**MATERIAL SHOWN:**
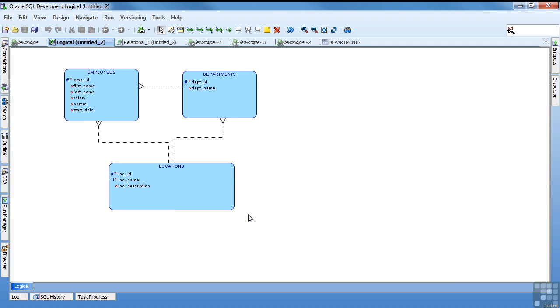And that's pretty much it for the logical model. Obviously you can spend a lot more time working on various aspects. Getting more detail. Doing comments. Notes. Things like that. But this is a basic logical model.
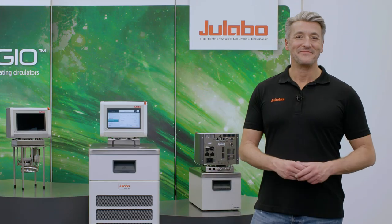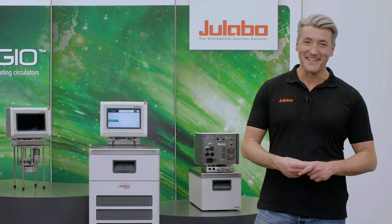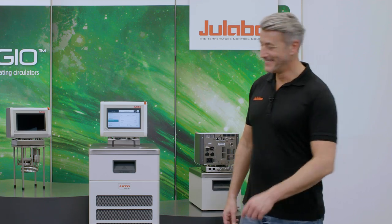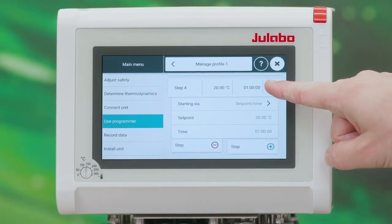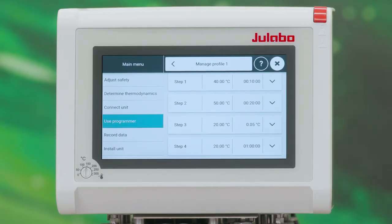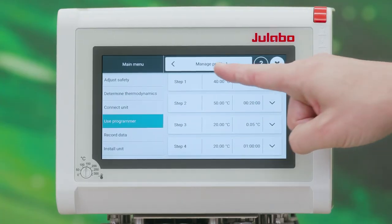That's it! The profile is now ready for use. In the submenu you can review all steps in the desired order.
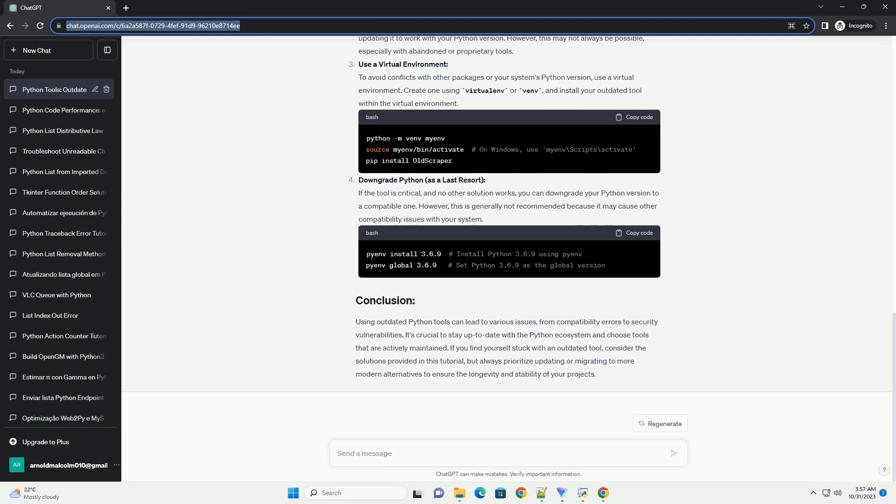Downgrade Python as a last resort. If the tool is critical and no other solution works, you can downgrade your Python version to a compatible one. However, this is generally not recommended because it may cause other compatibility issues with your system.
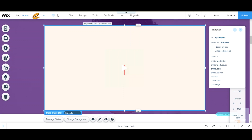Welcome back to a Nino tutorial. Today I'm going to be talking to you guys about Multi-State Box. This is a new feature that Wix has to offer and I'm excited to give you a basic tutorial about it.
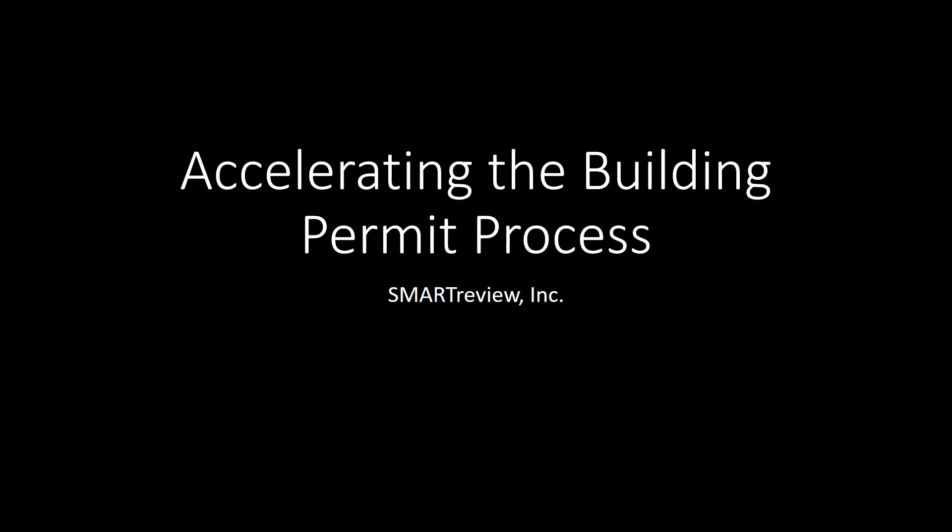Hi, I am Mark Clayton, CEO and co-founder of Smart Review Incorporated. Our company has created a new way to conduct a building plan review to determine compliance with the building code. Our automated plan review software can analyze a design in seconds and advise the designer whether the building complies, or if not, what needs to be changed to achieve compliance.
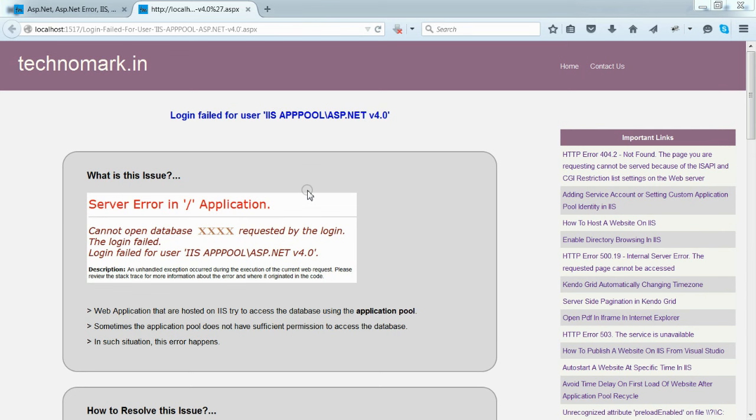Today, we are going to discuss one of the usual errors: IIS application pool cannot access the database.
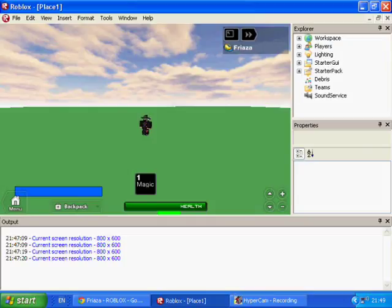Hello YouTube, this is Freyazza and today I'll be showing you how to make a .Change script in Roblox Lua.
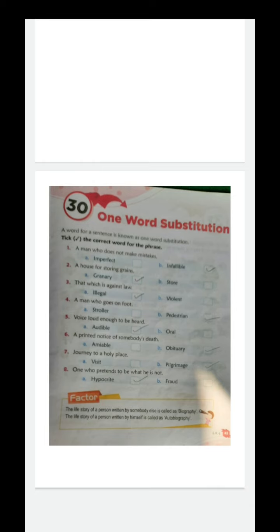First: a man who does not make mistakes is called infallible. Second: a house for storing grains is called a granary. Third: that which is against law is called illegal. Fourth: a man who goes on foot is called a pedestrian.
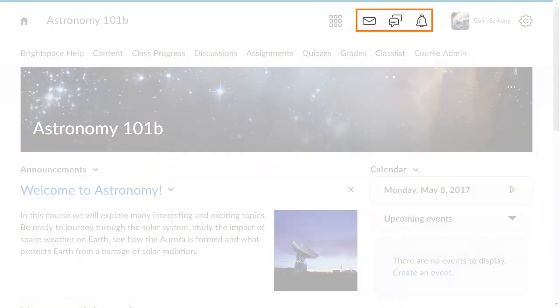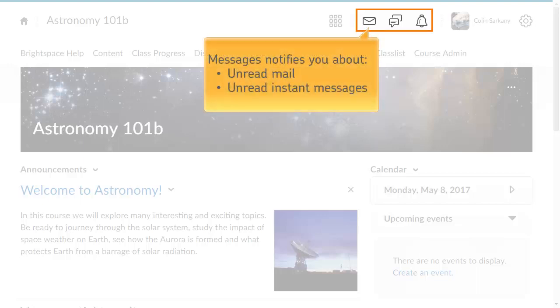There are three alert icons on the minibar. The Messages alert notifies you about unread mail and instant messages.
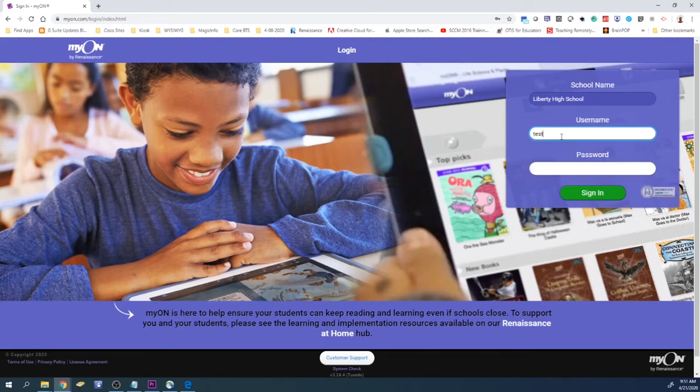In the username field, you'll want to go ahead and type in your email address, your full email address.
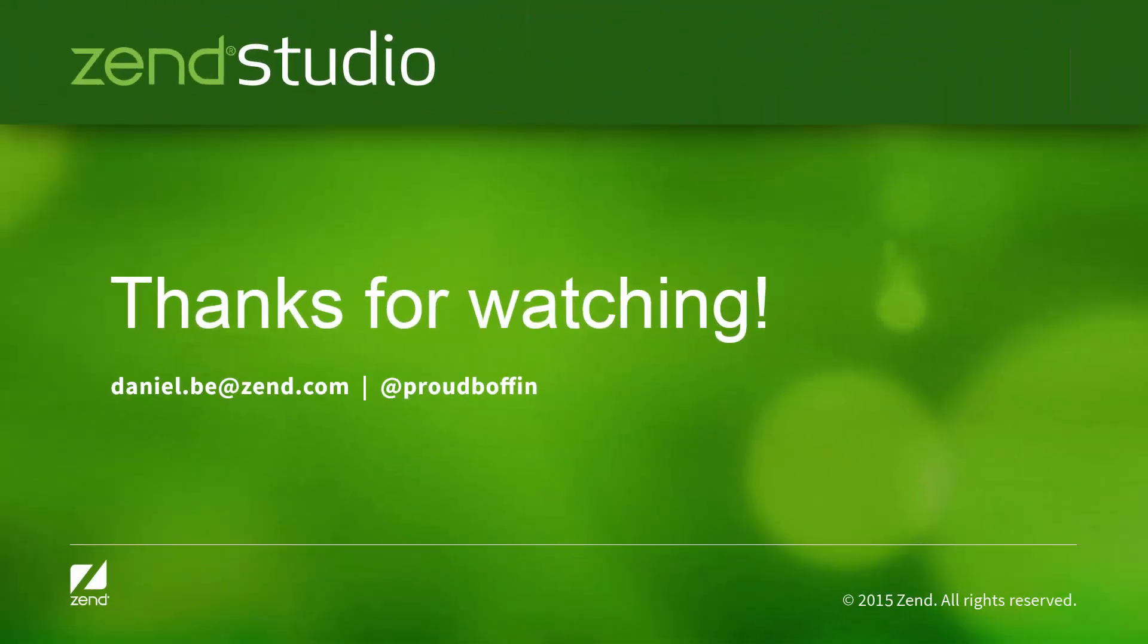So I hope you enjoyed this brief overview of the PHP 7 support in Zend Studio 13. Thanks for watching and bye for now.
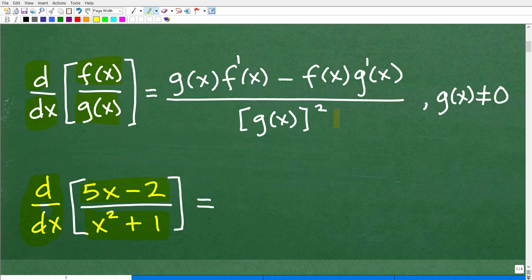Let's look at the quotient rule and what it says. Here we have a numerator and a denominator. The denominator of the rule starts by taking that g(x) function — the function in the denominator, in this case x² + 1 — and multiplying it by the first derivative of the function in the numerator, which is 5x − 2. Then you put a subtraction sign, and we put the f(x) function — the numerator function — and multiply it by the first derivative of the denominator function, x² + 1.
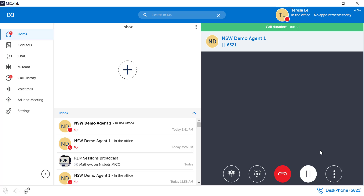When a caller is placed on hold, the caller will hear hold music. To retrieve a call from hold, press the white hold pause button. The caller information and hold pause button will return to normal.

**WORK INSTRUCTIONS:**
Work from the entries above. Set down exactly and only the lines from the line with "Today, we are" to the line with "There are three", both included, and leave the pictures out.

**RESULT OF THIS TASK:**
Today, we are going to discuss one of the usual errors: IIS application pool cannot access the database.
Hello YouTube, this is Freyazza and today I'll be showing you how to make a .Change script in Roblox Lua.
First: a man who does not make mistakes is called infallible. Second: a house for storing grains is called a granary. Third: that which is against law is called illegal. Fourth: a man who goes on foot is called a pedestrian.
There are three alert icons on the minibar. The Messages alert notifies you about unread mail and instant messages.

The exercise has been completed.